Michael Dirda: I'm surprised you haven't found it in used bookstores. Just keep trying. It's a masterpiece. All the best things require a little patience.


Fairfax, Virginia:
Do you think there's much chance of poetry becoming a popular art again? Where do you think most of the fault lies for the average person's dislike of poetry -High School? Poets themselves?-

Michael Dirda: Strange to say, there are zillions of people who WRITE poetry and only thousands who seem to READ it. I think the problem here is best expressed by Sturgeon's law: Ninety percent of everything is crap. There's so much poetry published that most of it is bound to be so-so--I mean even the greatest poets only have a handful of poems, often from quite voluminous oeuvres (see Tennyson, Browning, etc), that we actively care about. We should be grateful to David Lehman and his various guest editors for offering a useful threshing in each year's edition of The Best American Poety.


washington dc: Among current book reviewers, who do you most like or respect -same thing?- ?

Michael Dirda: On publishing and 19th-century fiction--John Sutherland. On oddball fiction and Arabic history--Robert Irwin. For almost anything--Gore Vidal and John Updike. My favorite reviewers--the people I most admired when I started in this business--are now dead: Anthony Burgess, V.S. Pritchett, Angela Carter. My favorite reviewers of all time are Cyril Connolly, Randall Jarrell, Edmund Wilson, Virgil Thomson, James Agee, Bernard Shaw and Virginia Woolf.


Cincinnati, OH: Of course it's pure speculation, but what poets publishing today do you think will be read 100 years from now? Who would you like to see read in 100 years?

Michael Dirda: ANswers to both parts: Anthony Hecht, Geoffrey Hill, Richard Wilbur.


Washington, DC: In recent years, there have been a few allegations of high profile authors committing plagiarism. Last year's brief furor over Joseph Heller's Catch-22 seems to have died away. Another example a few years ago involved Joe McGinnis and William Manchester's Death of a President. Do you know whether there has been any final resolution of these issues?

Michael Dirda: Nope. My favorite plagiarism story is the one about William Gass, who early in his career had a story stolen by a colleague at a university who published it as his own. It was a nightmare, as these things always are. I tend to believe that most plagiarism cases are exaggerated, that the borrowings were unconscious or were so general as to be part of the currency of the time. I always suspect money as the secret engine of plagiarism cases.

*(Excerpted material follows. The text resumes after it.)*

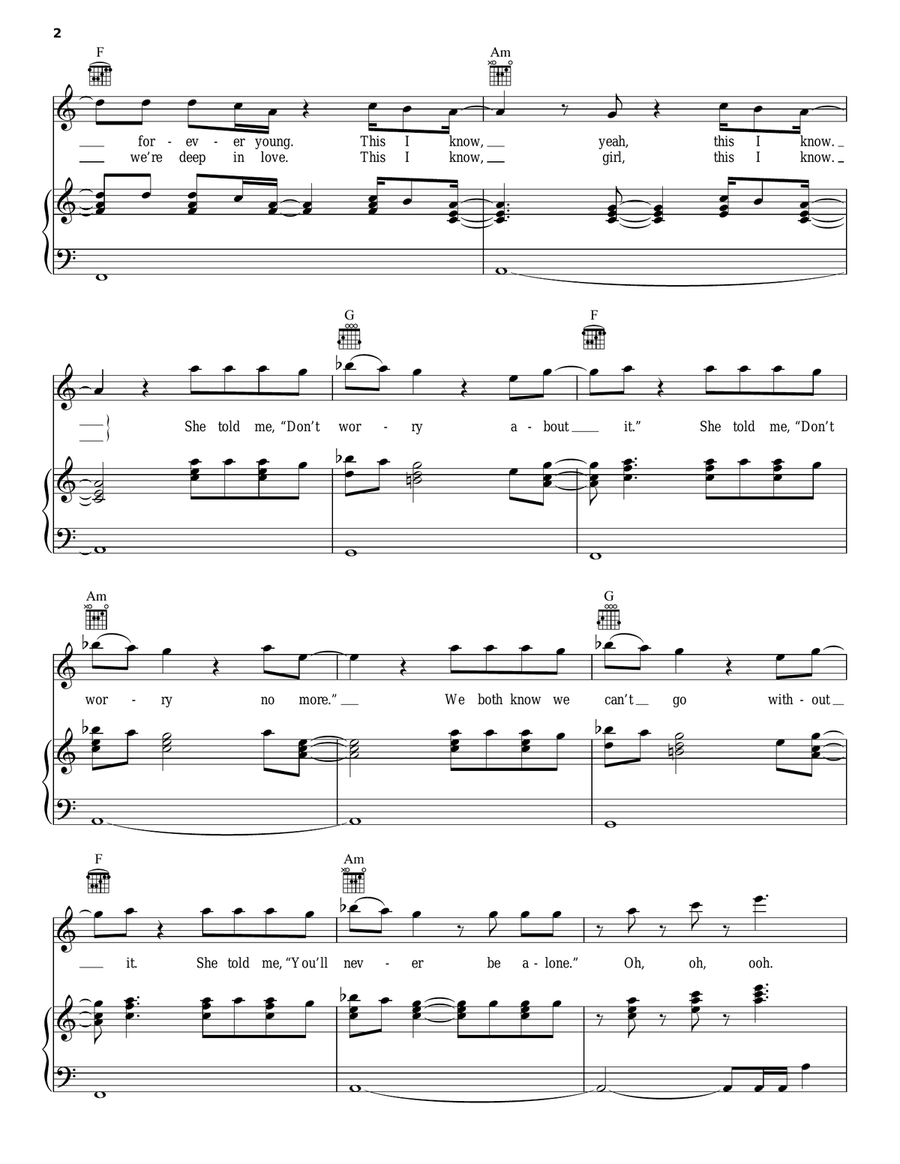 Can't Feel My Face Piano, Vocal, Guitar scores gallery preview page 2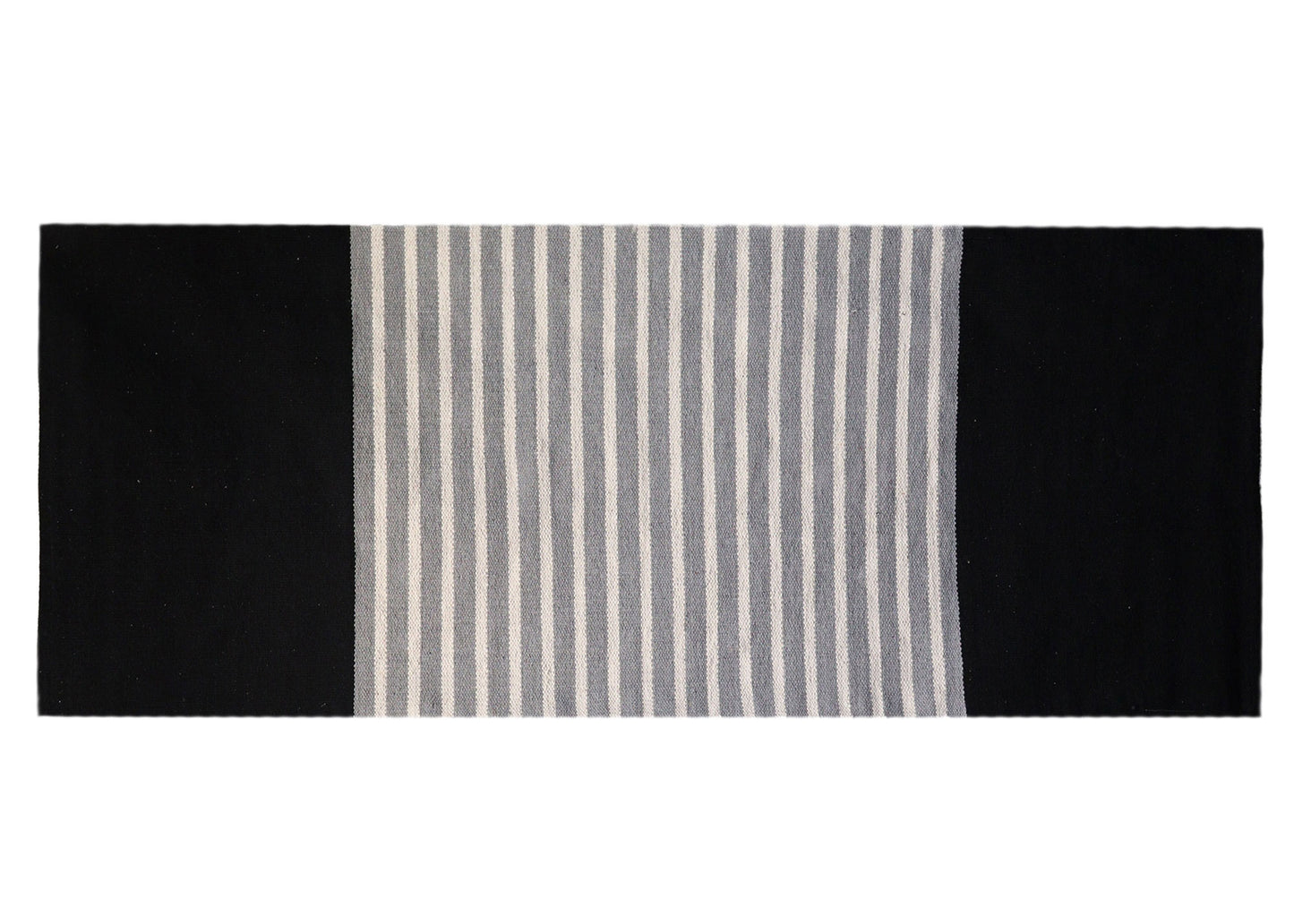 Indischer Baumwollteppich – 70 x 170 cm – Schwarz/Grau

Washington, DC: Do you consider rap or hip hop poetry? Have you read any of Lauren Hill's lyrics? I would consider her one of American's best selling young poets, would you?

What young poets would you recommend?

Michael Dirda: My kids listen to rap, but I can't stand it. It's just too sing-song, obvious and gross for my taste. But sometimes the rhymes and language is original and arresting: There are undoubtedly poets out there. But I tend to prefer poetry that is classical in character, witty, dense, organized: How's the Frost phrase go? It's no fun playing tennis without a net.

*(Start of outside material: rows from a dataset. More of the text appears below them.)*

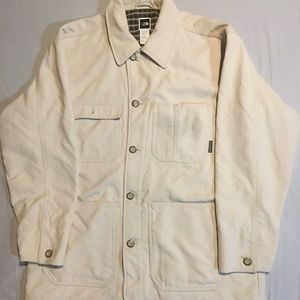 Mens North Face Beige/Khaki Canvas Jacket Outerwear Size M Quilted Nylon Lining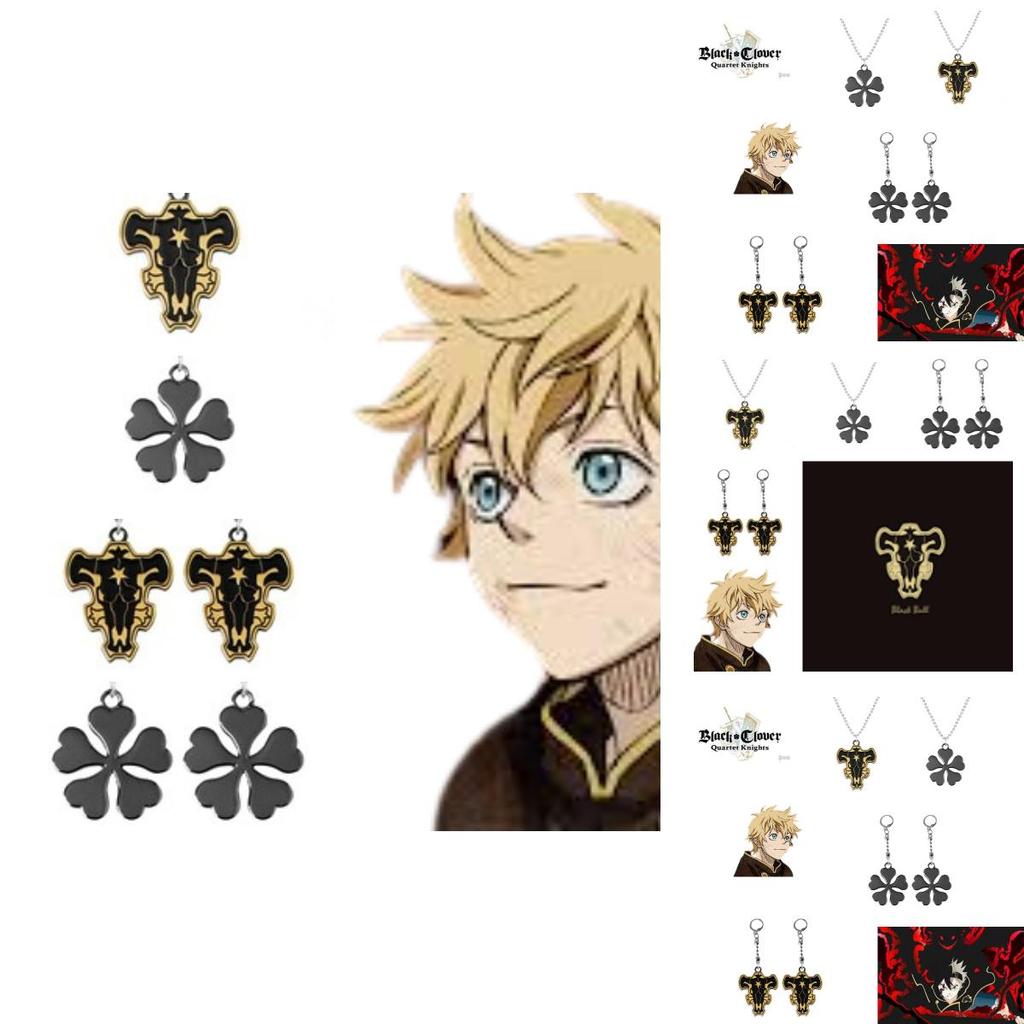 Stilvolles Black Clover Halsketten- und Ohrring-Set mit Stier-Magierritter-Emblem für Damen und Herren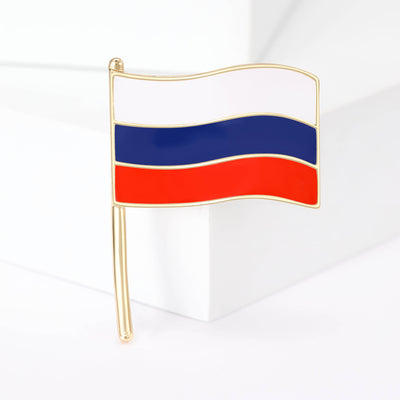A waving Russian tricolor flag on a gold-tone pole shown on a white background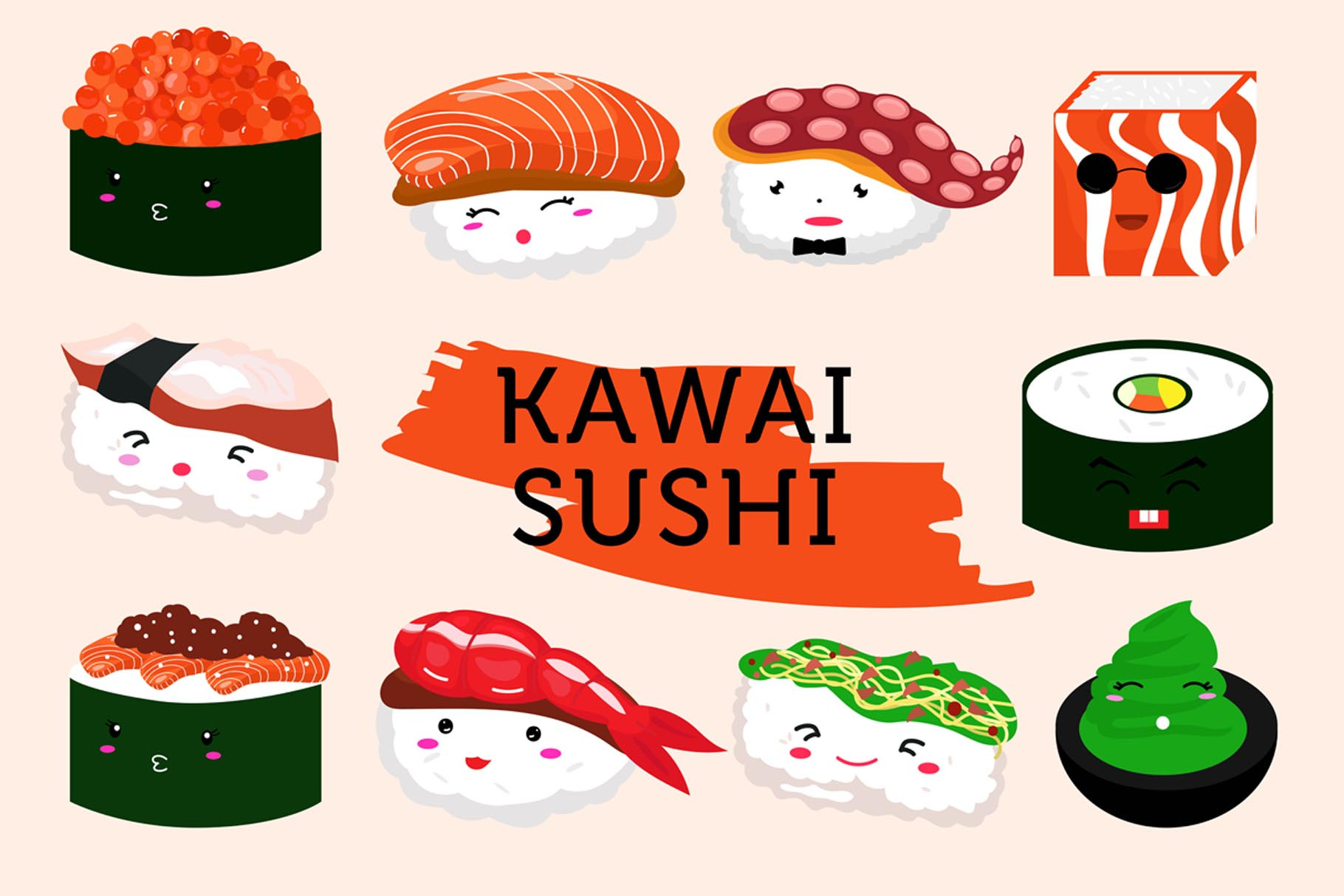 Kawai Sushi character bundles | Food Illustrations ~ Creative Market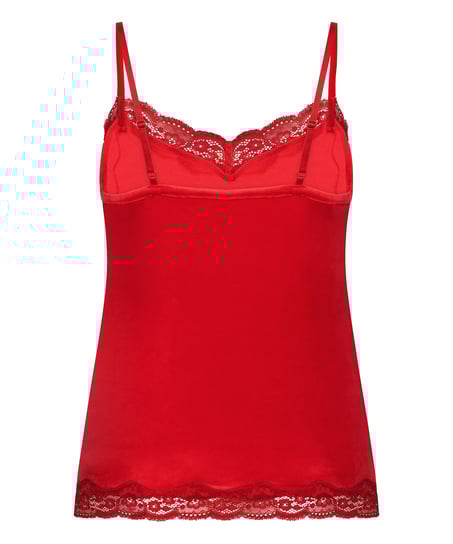 Top z aksamitnej koronki, Czerwony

Vienna, VA: I am a big fan of ISLANDIA by Austin Tappan Wright. Can you recommend any other Utopian novels that might be as satisfying?

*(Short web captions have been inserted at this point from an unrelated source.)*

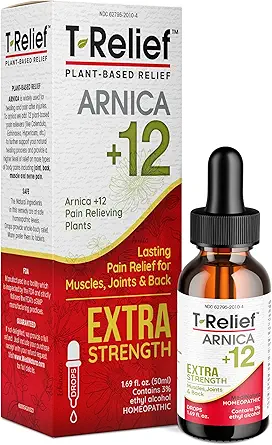 MediNatura T-Relif Extra Strength Oral Drops Arnica +12 Fast-Active Natural Relieving Actives for Back Neck Joint Muscle Hand & Foot Aches Pains & Soreness - 1,69 oz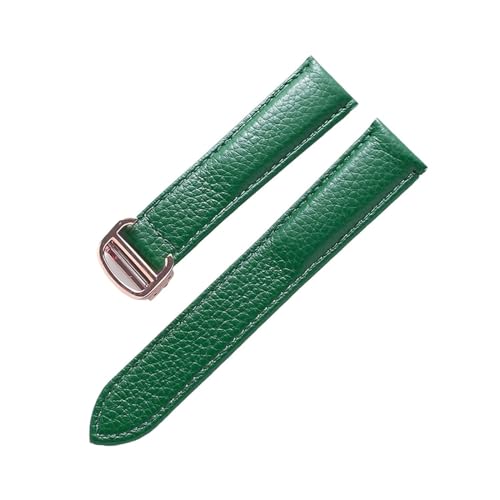 Bracelet montre en cuir litchi souple vert boucle rose 22mm pour Cartier Tank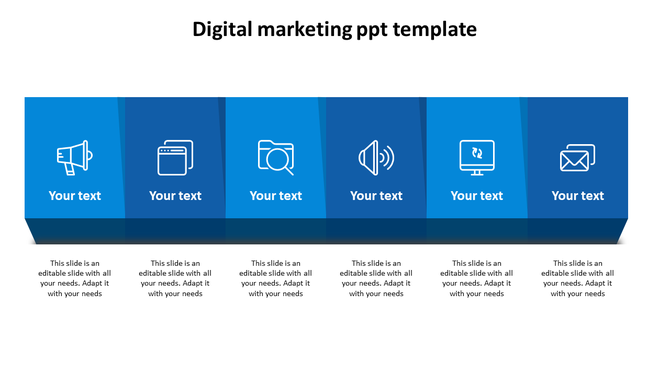 Digital marketing template with six blue boxes, white icons, and customizable text sections, arranged in a 3D horizontal row.
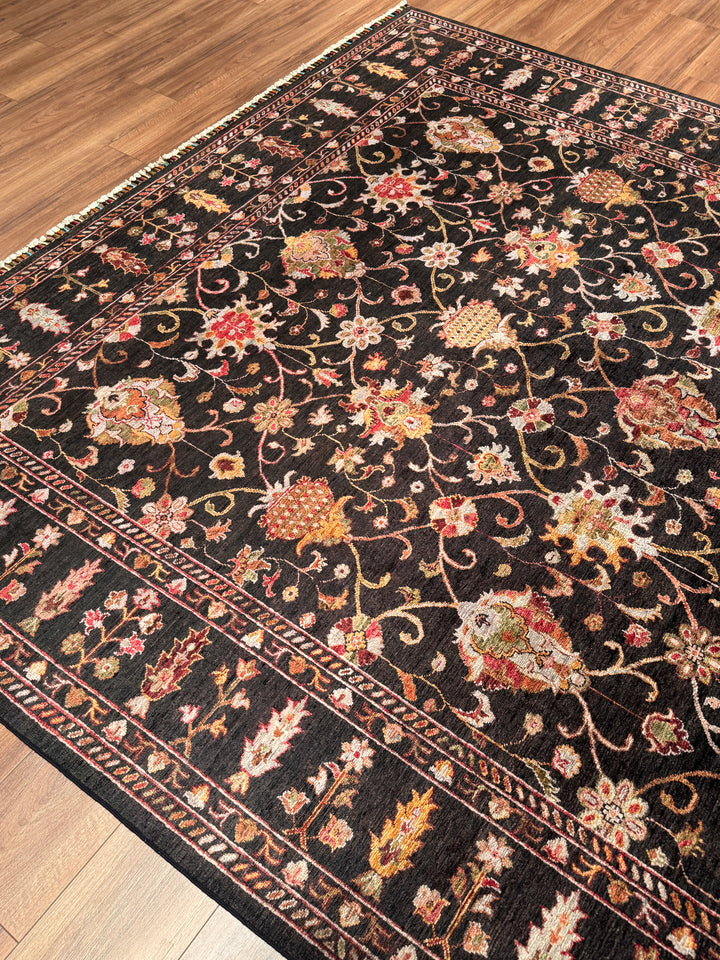 Sultani Binbirgece Orijinal El Dokuması Siyah Kök Boya Yün Halı 244x309 7.54 Metrekare - 8x10 ft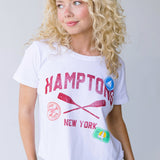 Hamptons Boyfriend Crop Top - White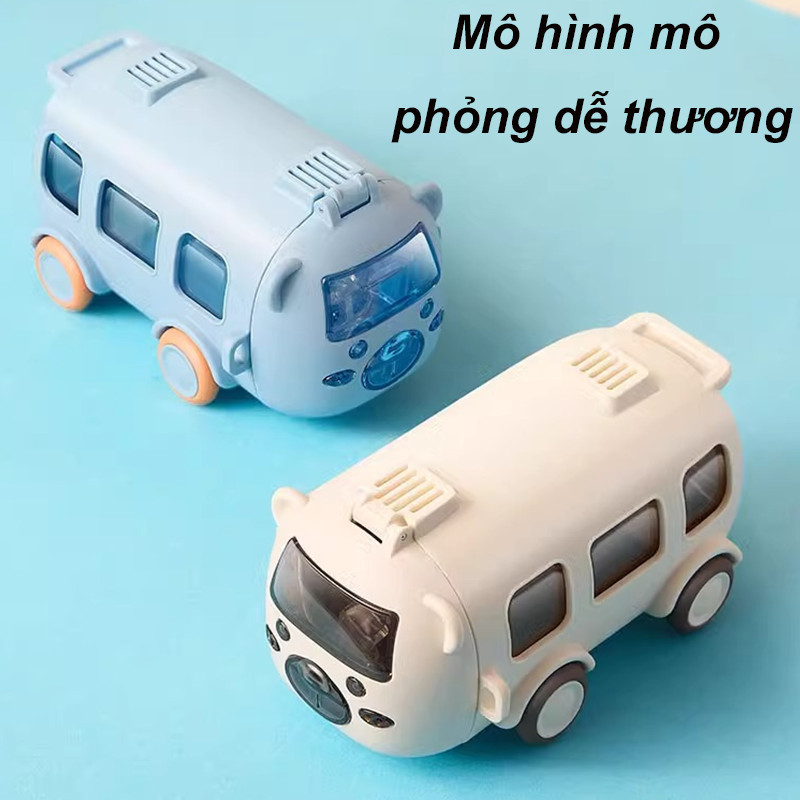 Cốc nước trẻ em, Bình Nước Hình Xe Buýt Ô Tô, Dung Tích 500ML, Cho Bé Đi Học Có Dây Đeo Tiện Lợi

Michael Dirda: A good many science fiction and fantasy novels posit ideal civilizations. You might enjoy the novels of Jack Vance, one of the genre's most imaginative world-builders. Try Emphyrio, or The Languages of Pao or any of the five books in the Demon Princes series, especially The Star King.


Washington, DC: For some reason, I recently have noticed several bookstores putting large piles of Powys' novel, Wolf Solent, in quite prominent displays. Is he "in" now? Since the novel isn't new, I can't figure out why it has been singled out in this way.

Michael Dirda: Hmmm. Wolf Solent is one of those books I have always meant to read: If you saw my January REadings essay about going down to Florida, you may remember that it was one of the books I didn't get around to reading during that memorable visit. Iris Murdoch, George Steiner and Robertson Davies have all named him one of their very favorite novelists, and Wolf Solent is one of his three masterpieces (along with A Glastonbury Romance and Porius). I hope the public is buying the book in droves.